Wired is really hyping their cover story on Julia Allison-- we've seen three ads online for it just in the last day. Apparently the editors were unaware the rest of the media covered this story back in the 2006 era.

A man claims he found a seven-inch knife in his sandwich in a New York City Subway restaurant. We're not sure why he's complaining-- we've found far worse things in ours... 
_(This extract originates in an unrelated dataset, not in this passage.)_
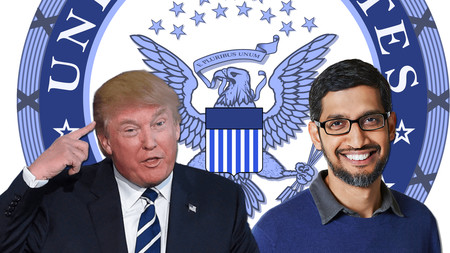 El CEO de Google testificará ante el Congreso: les acusan de perjudicar a los conservadores en las búsquedas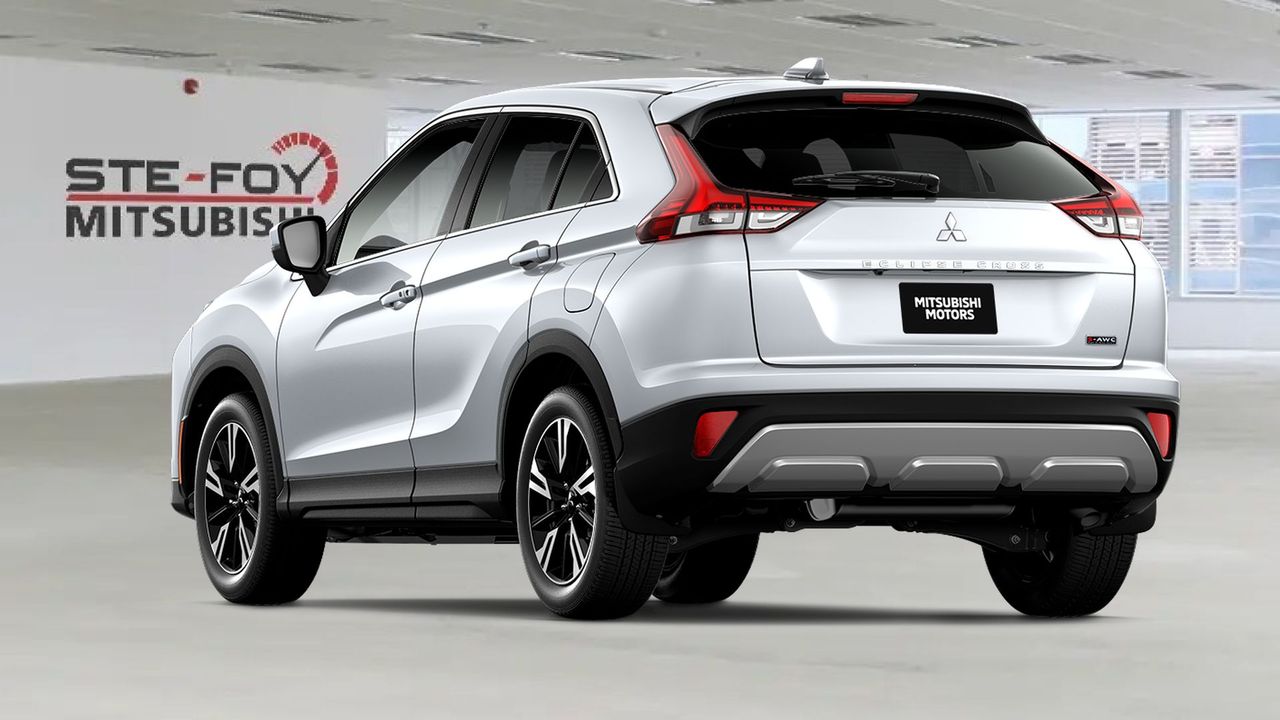 Mitsubishi Eclipse Cross 2026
Saturday's Blue Jays game was apparently not Bobblehead Doll Day, as advertised, but rather Topless Blond In A Hotel Overlooking The Field Day. The Ottawa Sun, which broke the story, has a full rundown of other similar incidences at the Renaissance Inn:

May 1990

During a Blue Jays game, hotel security and police throw out a man who was seen masturbating behind a hotel room window that overlooked the baseball diamond. Police said the man thought he was behind a one-way window.

May 1990

A couple has sex in one of the 70 hotel rooms overlooking a ball game attended by 55,000 fans. The couple -- who apparently weren't aware they could be seen with the lights off -- were "mortified." The incident received media attention around the world, including five minutes on The Arsenio Hall Show.

The Jays lost.

May 1995

In front of 40,000 fans, a couple has sex in a chair right next to the window overlooking the field during the 7th inning of a Jays-Royals match. The couple were seen right above the then-Jumbotron (now the Rogers Centre videoboard).

The Jays lost.

And more at the Ottawa Sun website.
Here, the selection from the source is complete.